WEST HOLLYWOOD, Calif. - Zaha Hadid, an
Iraqi-born architect who struggled for years to get her audacious and
unconventional designs built, won the prestigious 2004 Pritzker
Architecture Prize on Sunday, the first woman to receive the
profession's highest honor.
Hadid "is probably one of the youngest laureates and has one of
the clearest architectural trajectories we've seen in many years. Each
project unfolds with new excitement and innovation," said
California architect and juror Frank Gehry, a 1989 Pritzker winner.
Hadid, 53, now a British citizen, exploded on the world architecture
scene two decades ago when she won a competition to design a clifftop
resort above Hong Kong. The project was never built, but it thrust her
into the public eye.
For years, Hadid was most famous for being the architect whose
buildings — universally lauded as distinctive and dynamic — remained
unbuilt.
"It became like a cause celebre, because it perpetuated this
wondering 'why not,' 'it's not possible,' 'it's not buildable,'"
Hadid said during a recent interview in West Hollywood.
Hadid said the "very extreme" drawings she created for
architectural competitions were met with skepticism. "They did not
believe it was possible," Hadid said of her inventive designs.
"There was not any work like that being done."
She credits the 1997 opening of the titanium-clad Guggenheim Museum
that Gehry designed for Bilbao, Spain, with sparking greater interest in
her work.
A year later, Hadid said, she won four competitions, followed by four
more the following year. Among them were two museums: the Rosenthal
Center for Contemporary Art in Cincinnati and the National Center for
Contemporary Arts in Rome.
"Without ever building, Zaha Hadid would have radically expanded
architecture's repertoire of spatial articulation," juror Rolf
Fehlbaum said. Now that her designs have begun to take shape, "the
power of her innovation is fully revealed."

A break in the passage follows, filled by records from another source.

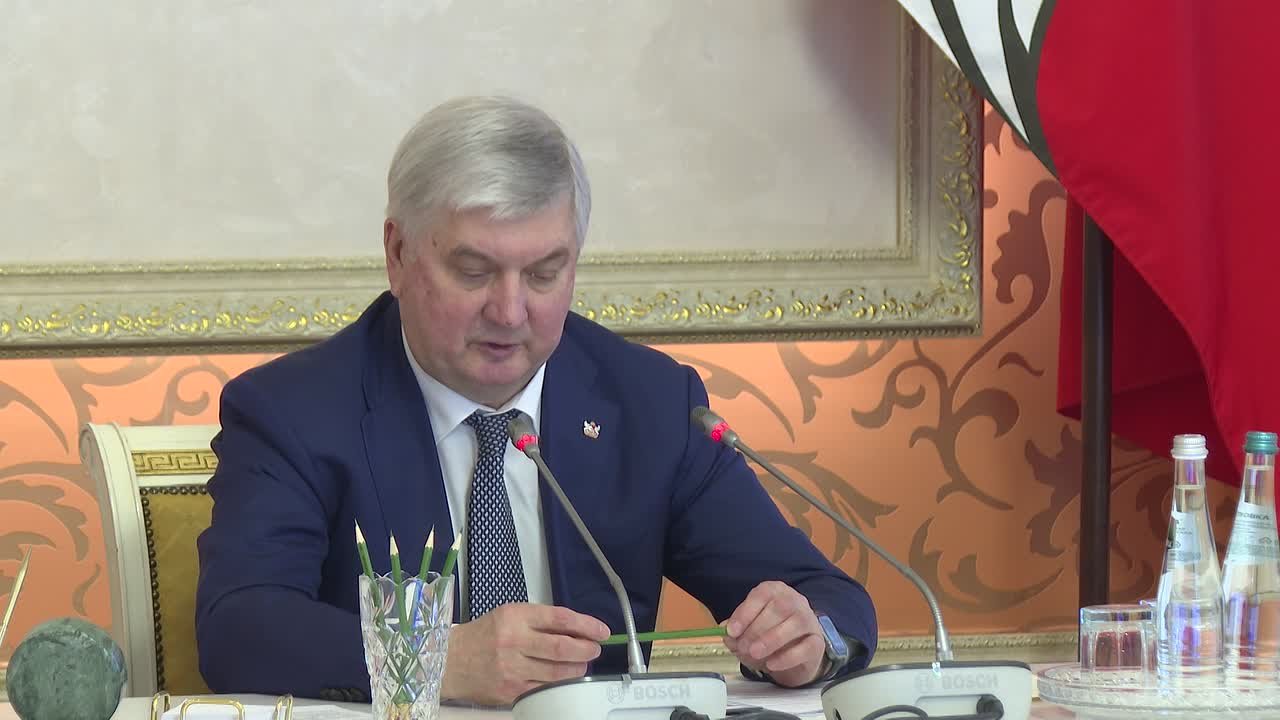 Александр Гусев: Предварительные итоги социально-экономического развития региона в 2025 году обсудили сегодня на оперативном совещании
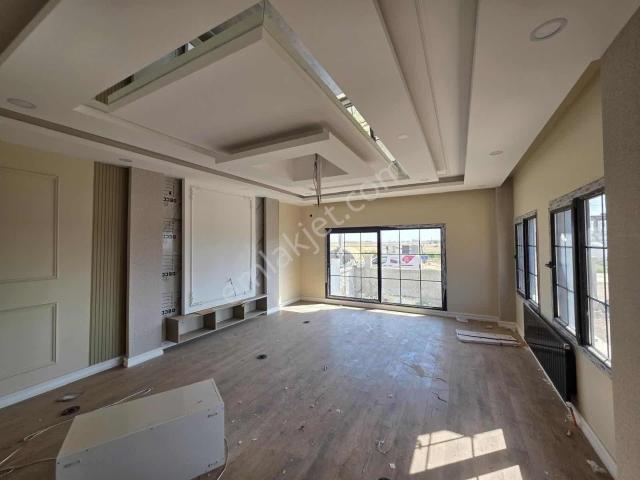 Ok Emlaktan Satılık Tiriplex Villa 348 M2 Arsa İçinde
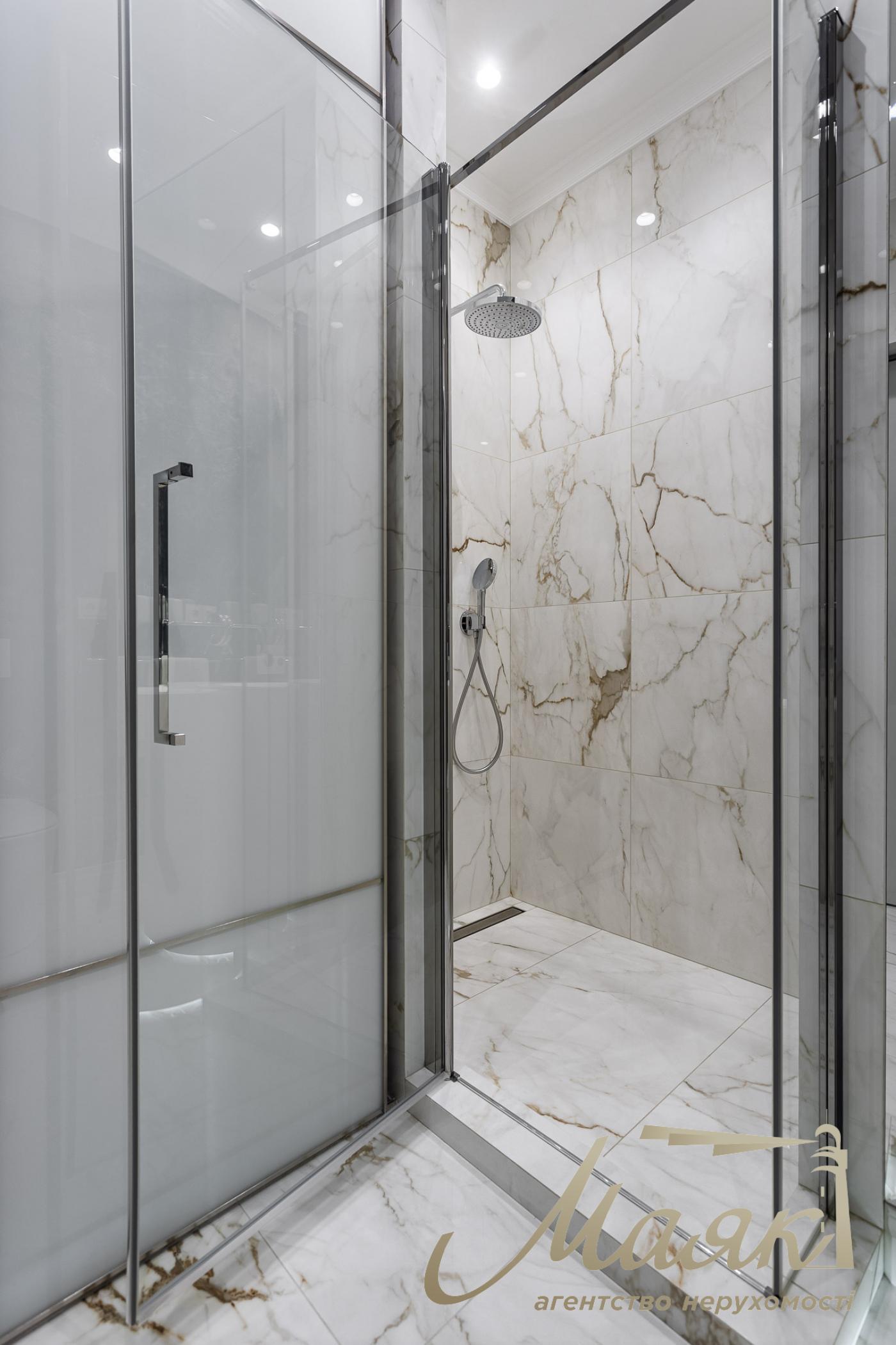 Продажа видовой 3-комнатной квартиры в ЖК Tetris Hall, ул. Ивана Федорова, 2а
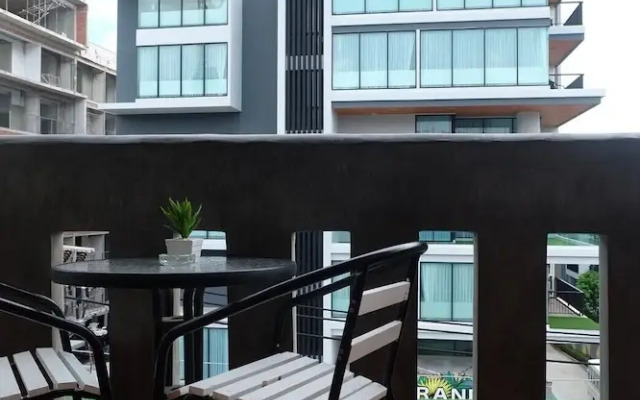 Baantonkhao Kata Beach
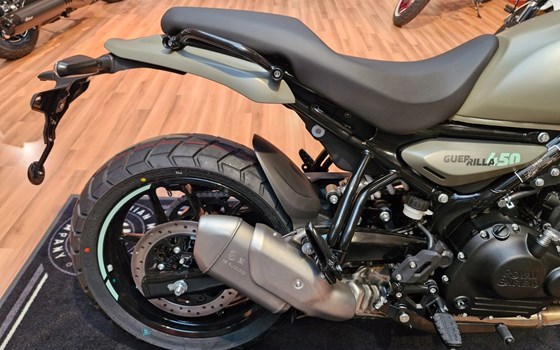 Neufahrzeug Royal Enfield Guerrilla 450 - Bild 7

Her 60-person London firm, Zaha Hadid Architects, has been flooded
with commissions, including a BMW factory in Germany, an arts center in
Oklahoma and a train station in Italy.
Hadid will be awarded a $100,000 grant and a bronze medallion during
a May 31 ceremony at the State Hermitage Museum in St. Petersburg,
Russia.
The Pritzker Prize, sponsored by the Chicago family that developed
the Hyatt Hotel chain, was created 26 years ago.